Carriers' Mobile Payment System Excludes Banks, but Could Open New Doors

A mobile payments effort seemingly designed to exclude banks may accomplish the exact opposite.

Financial companies have for years been pushing the idea that mobile phones could be used to initiate transactions, and though test after test has validated the technology, the banks have always come up against the same barrier: wireless carriers' apparent lack of interest in including the necessary hardware in their phones.

Until now.

According to reports that emerged Monday, several major wireless carriers are collaborating to create a new system that would let consumers make purchases with their phones.

While analysts agreed that a payments network driven by phone companies would pose a significant threat to banks and card companies, they also said that such a system would increase consumer interest in the technology, and that once the hardware is widely available, financial companies also could find ways to take advantage of it.

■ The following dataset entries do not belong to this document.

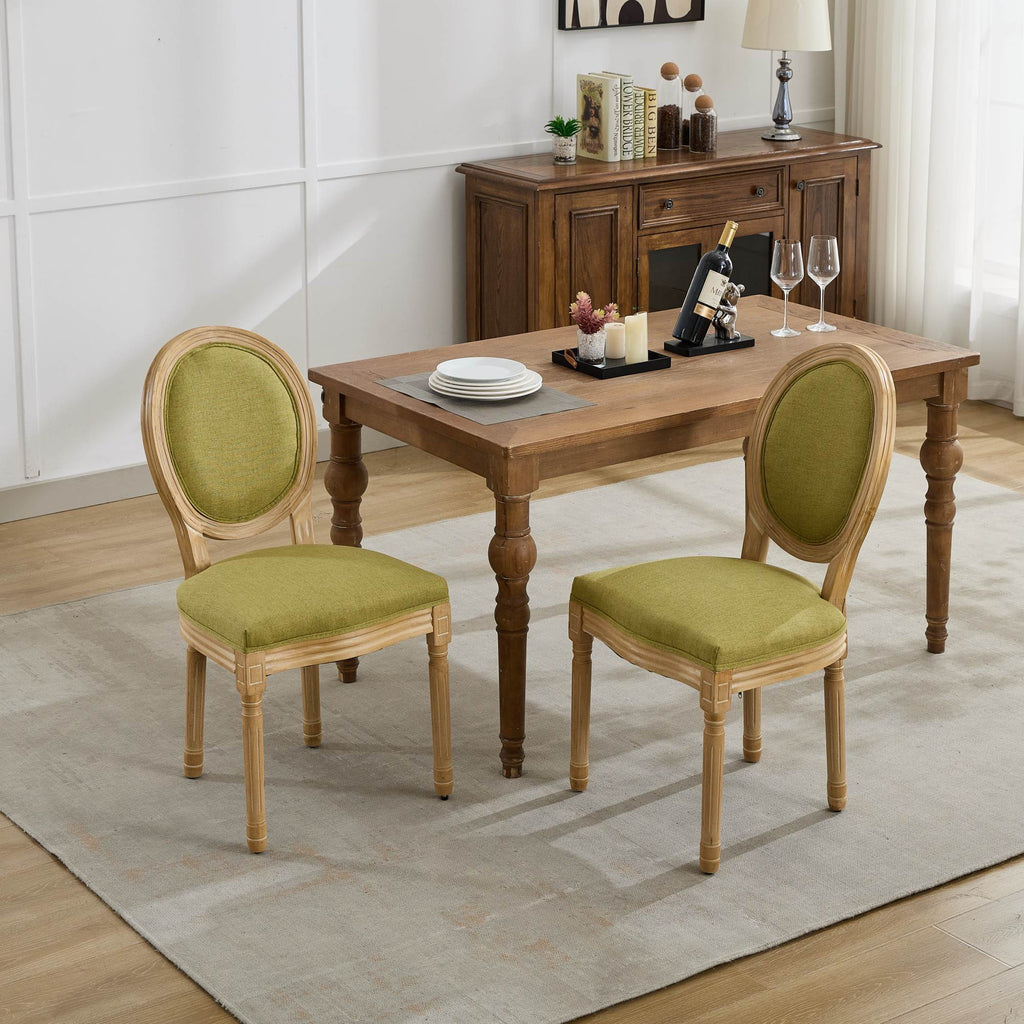 French Style Solid Wood Frame Linen Fabric Back Dining Chair (Set of 2)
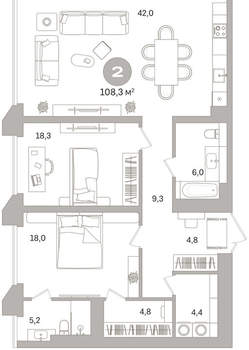 2-к квартира, вторичка, 108м2, 7/25 этаж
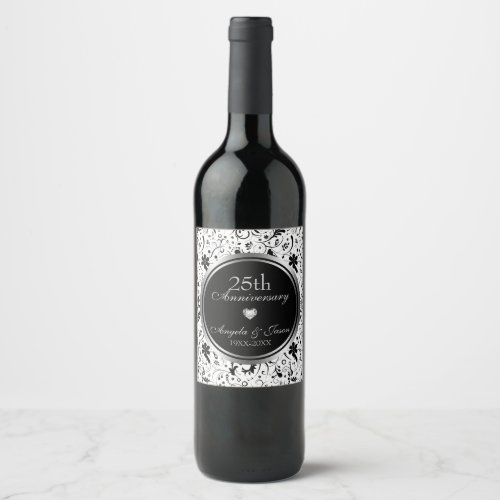 Black Floral Damask _ 25th Anniversary Wine Label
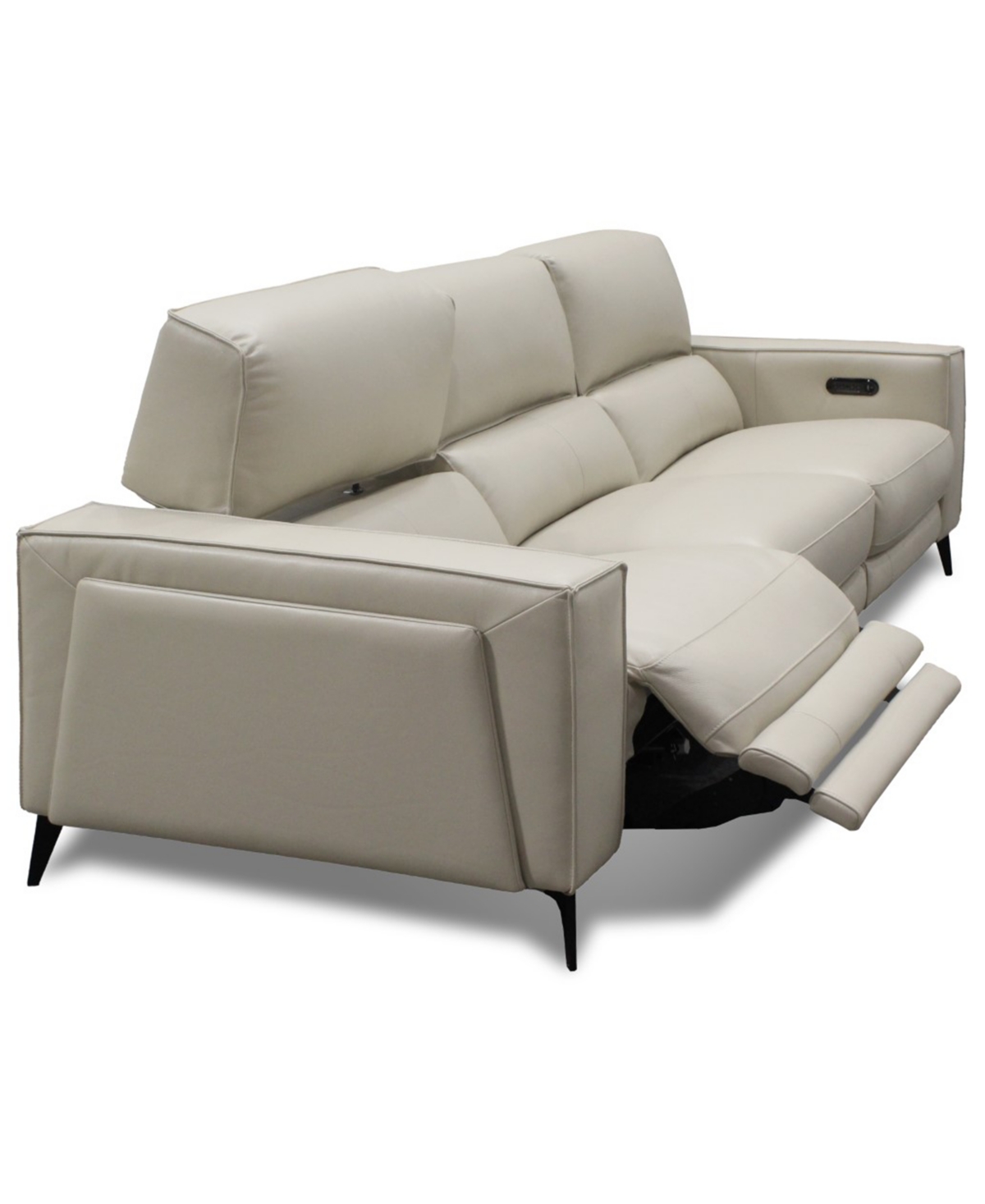 Macy's Neiwert 3-pc. Leather Sofa Sectional With 2 Power Recliners In Gray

"Once you build the rails for a payments system, excluding someone else is difficult," said James Van Dyke, the president and founder of Javelin Strategy and Research in Pleasanton, Calif.

If the wireless carriers are able to create a functioning financial network, "it's a way to get more mobile payments out in the world," Van Dyke said. "Visa and MasterCard and the banks aren't going to get frozen out."

Bloomberg News was the first to report that AT&T Inc., Verizon Wireless and T-Mobile USA were working together on a payments system, along with Discover Financial Services and Barclays PLC. The consortium plans to test the system in Atlanta and three other U.S. cities.

Banks and carriers have collaborated in the past on mobile payments trials, but analysts said this effort appears to go further. In the model that has been most commonly used, an issuer and a carrier would team up to offer consumers phones featuring near-field communication chips — the same chips used in contactless payment cards. These phones were used to make purchases charged to users' existing card accounts.

The new approach also is most likely based on NFC, but it could involve different payments accounts. Philip Philliou, a payments industry consultant and managing director with Philliou Selwanes Partners LLC, speculated that carriers, not banks, would administer the accounts. The funds could be stored at Barclays — because the phone companies have no interest in becoming depository institutions, he said — and the transactions could move across the Discover network.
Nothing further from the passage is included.